Human papilloma virus 16 E6 oncoprotein inhibits retinoic X receptor-mediated transactivation by targeting human ADA3 coactivator

Abstract

The expression of human papillomavirus (HPV) E6 oncoprotein is causally linked to high-risk HPV-associated human cancers. We have recently isolated hADA3, the human homologue of yeast transcriptional co-activator yADA3, as a novel E6 target. Human ADA3 binds to the high-risk (cancer-associated) but not the low-risk HPV E6 proteins and to immortalization-competent but not to immortalization-defective HPV16 E6 mutants, suggesting a role for the perturbation of hADA3 function in E6-mediated oncogenesis. We demonstrate here that hADA3 directly binds to the retinoic X receptor (RXR)α in vitro and in vivo.

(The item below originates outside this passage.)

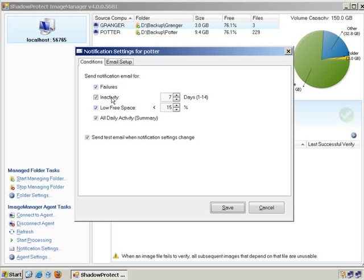In Activity, if you're expecting images from a particular machine every single day and they're no longer coming in, you might want to set this setting to 2. If no images come in for 2 days on that particular folder, you will get notified.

Using chromatin immunoprecipitation, we show that hADA3 is part of activator complexes bound to the native RXR response elements within the promoter of the cyclin-dependent kinase inhibitor gene p21. We show that hADA3 enhances the RXRα-mediated sequence-specific transactivation of retinoid target genes, cellular retinoic acid-binding protein II and p21. Significantly, we demonstrate that E6 inhibits the RXRα-mediated transactivation of target genes, implying that perturbation of RXR-mediated transactivation by E6 could contribute to HPV oncogenesis.